*PROMPT*:
Reproduce precisely the lines of the listing below, starting with the line that contains "Rhinoplasty Before & After Patient #21793" and stopping after the line that contains "Immunohistochemistry-Paraffin: RalB Antibody"; include nothing else.

*DATA EXTRACTS*:
☆ ☆ ☆ ☆

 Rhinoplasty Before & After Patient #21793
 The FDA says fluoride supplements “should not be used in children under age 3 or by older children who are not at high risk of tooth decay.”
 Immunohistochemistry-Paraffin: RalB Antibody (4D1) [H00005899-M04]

☆ ☆ ☆ ☆

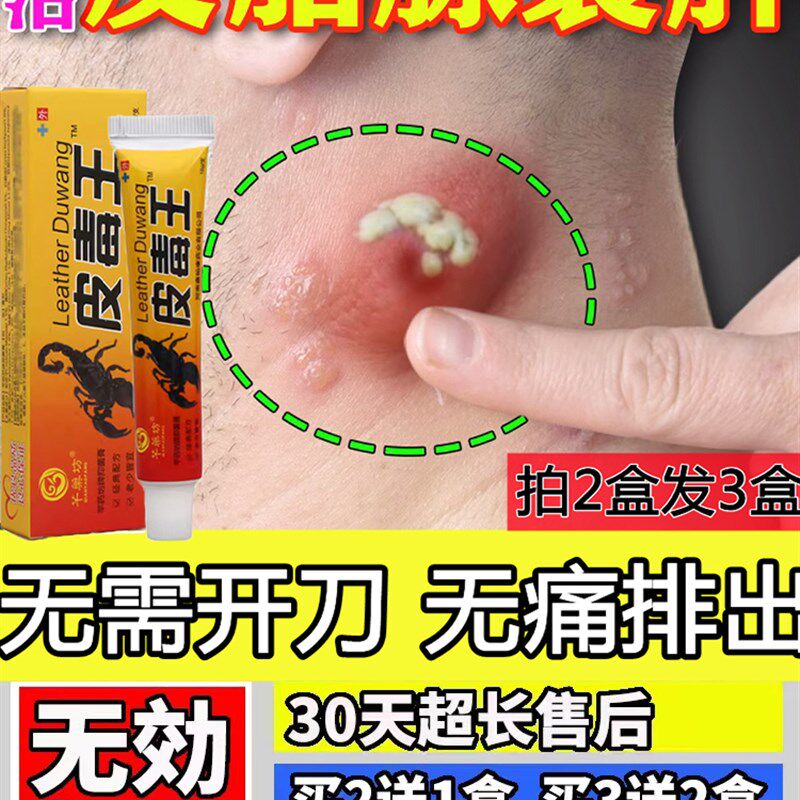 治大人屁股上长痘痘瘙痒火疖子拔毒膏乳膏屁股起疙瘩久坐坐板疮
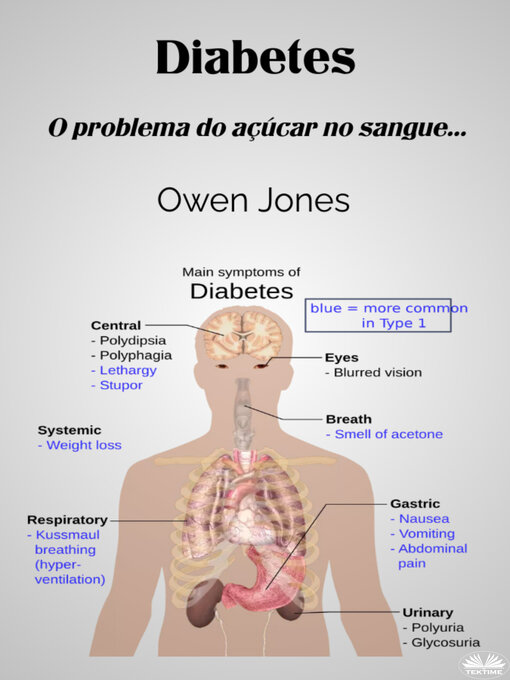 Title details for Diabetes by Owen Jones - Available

☆ ☆ ☆ ☆

*ANSWER TO THIS PROBLEM*:
 Rhinoplasty Before & After Patient #21793
 The FDA says fluoride supplements “should not be used in children under age 3 or by older children who are not at high risk of tooth decay.”
 Immunohistochemistry-Paraffin: RalB Antibody (4D1) [H00005899-M04]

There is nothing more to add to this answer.